Ni affrontement, ni passe d'armes, ni coups de théâtre... le troisième débat télévisé de la primaire PS a confirmé chacun des six candidats dans son statut. Il ne devrait pas bousculer l'ordre établi lors des deux premières confrontations.

Plateau du 3e débat télévisé de la primaire PS, le 05 octobre 2011.
Plateau du 3e débat télévisé de la primaire PS, le 05 octobre 2011. (BFP)

Ni affrontement, ni passe d'armes, ni coups de théâtre... le troisième débat télévisé de la primaire PS a confirmé chacun des six candidats dans son statut.
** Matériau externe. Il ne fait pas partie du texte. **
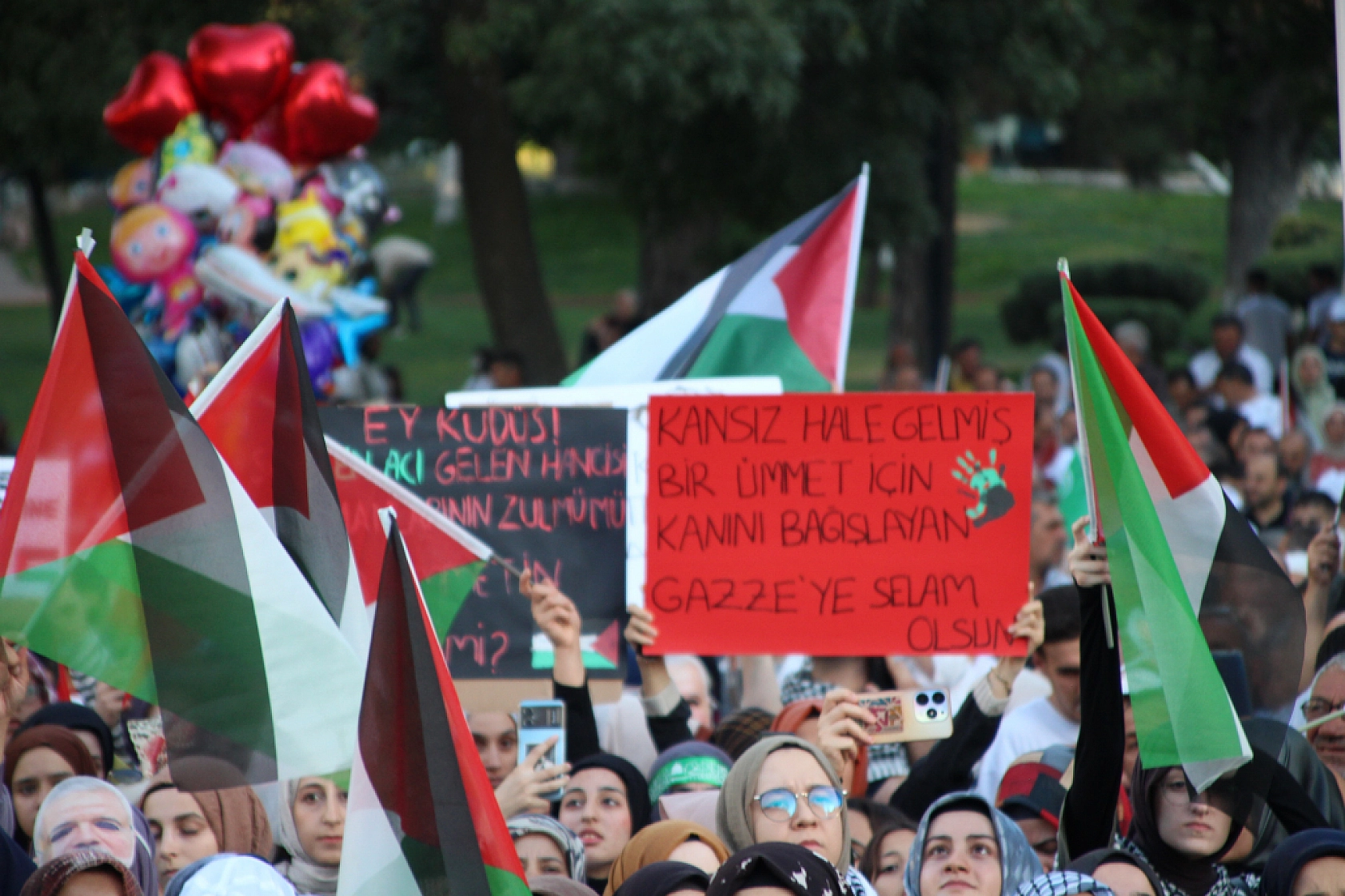 Şehit Haniye'nin Vasiyetini Binlerce Malatyalı Gerçekleştirdi...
Il ne devrait pas bousculer l'ordre établi lors des deux premières confrontations.

En tête, le favori François Hollande, suivi de la challenger Aubry et l'ex-candidate Royal. Derrière, les deux quadras prometteurs, et Baylet, le sénateur du Tarn-et-Garonne.

Pendant près de deux heures et demie, les six prétendants ont parlé de gouvernance, d'Europe, de crise, des retraites, des banlieues et de santé, s'accrochant parfois à fleuret moucheté notamment sur le thème de l'éducation. A l'instar des deux précédentes confrontations, les candidats ont évité toute invective directe, s'appelant parfois par leurs prénoms et renchérissant, certaines de leurs propositions.

Seul le ton combatif de Martine Aubry et de Ségolène Royal a contrasté avec le silence aimable de François Hollande, qui a comme les fois précédentes, esquivé les attaques, distillé son programme sans avancer de nouvelles propositions.

Un François Hollande se situant au-dessus de la mêlée, qui n'a pas manqué de se projeter au-delà du scrutin des 9 et 16 octobre (dates des deux tours de la primaire socialiste, ndlr) annonçant, s'il était élu, une tournée en Europe "pour préparer notre arrivée en 2012" et rappelant, en tout début d'émission, son ancrage socialiste.